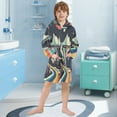 thumbnail image 5 of FORMRS Niños Bathrobe Unisex Hooded Robe Soft Plush Pajamas Sleepwear, Size 2-3T, Evening Mountain Road, 5 of 7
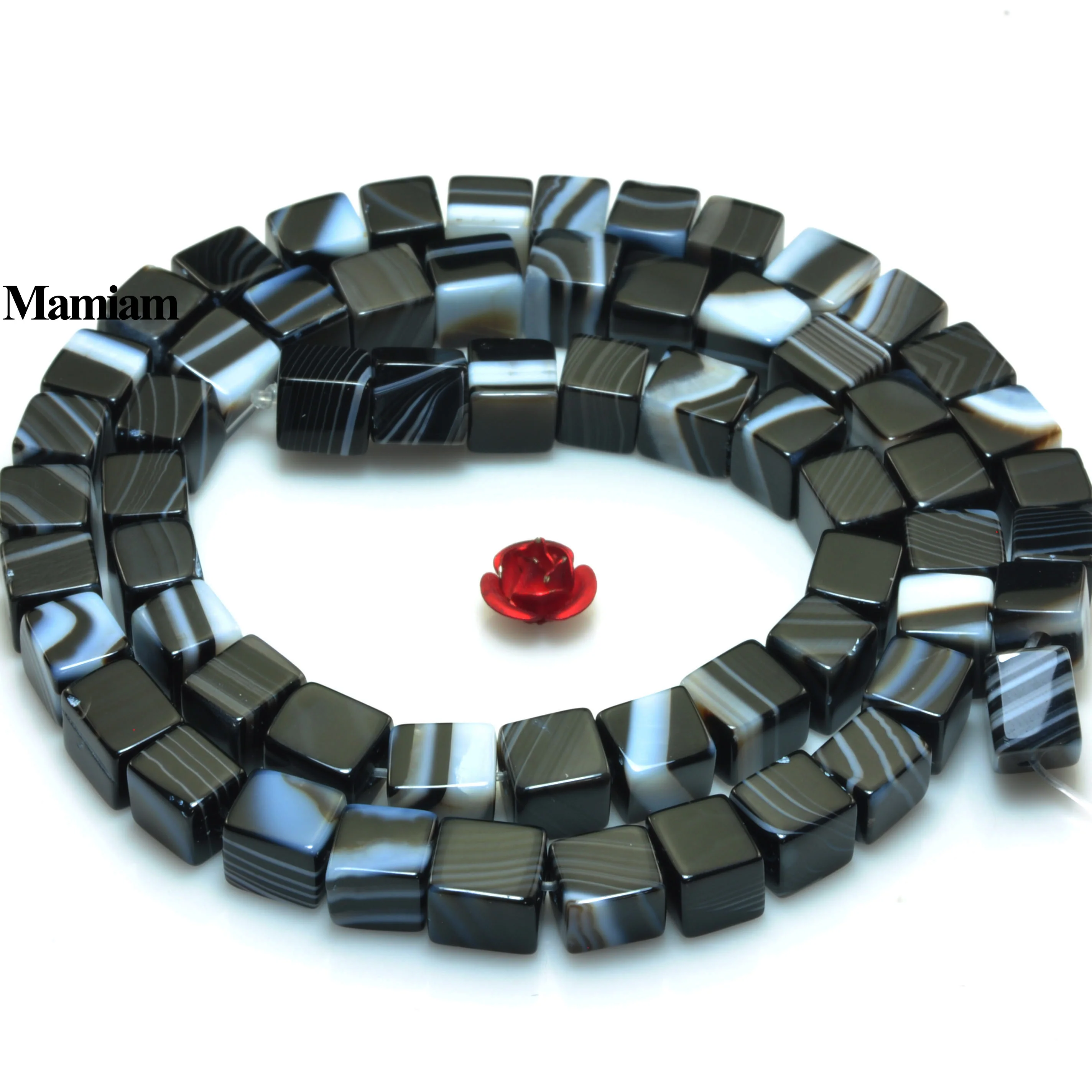 Mamiam Natural A Black Stripe Agate Faceted Square Beads 4mm 8mm 10mm Loose Stone Diy Bracelet Necklace Jewelry Making Design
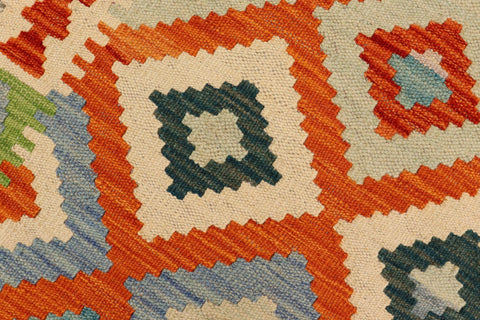 handmade Geometric Kilim Orange Blue Hand-Woven RUNNER 100% WOOL area rug 3 x 10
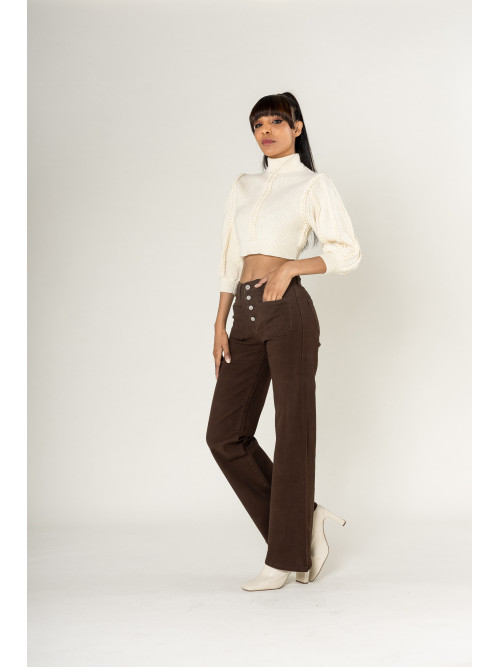 Jean flare stretch taille haute poches plaquées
········
**Task details**
Could the data above be copied out exactly, with no pictures kept?

**Solution for this exercise**
 thumbnail image 5 of FORMRS Niños Bathrobe Unisex Hooded Robe Soft Plush Pajamas Sleepwear, Size 2-3T, Evening Mountain Road, 5 of 7
 Mamiam Natural A Black Stripe Agate Faceted Square Beads 4mm 8mm 10mm Loose Stone Diy Bracelet Necklace Jewelry Making Design
 handmade Geometric Kilim Orange Blue Hand-Woven RUNNER 100% WOOL area rug 3 x 10
 Jean flare stretch taille haute poches plaquées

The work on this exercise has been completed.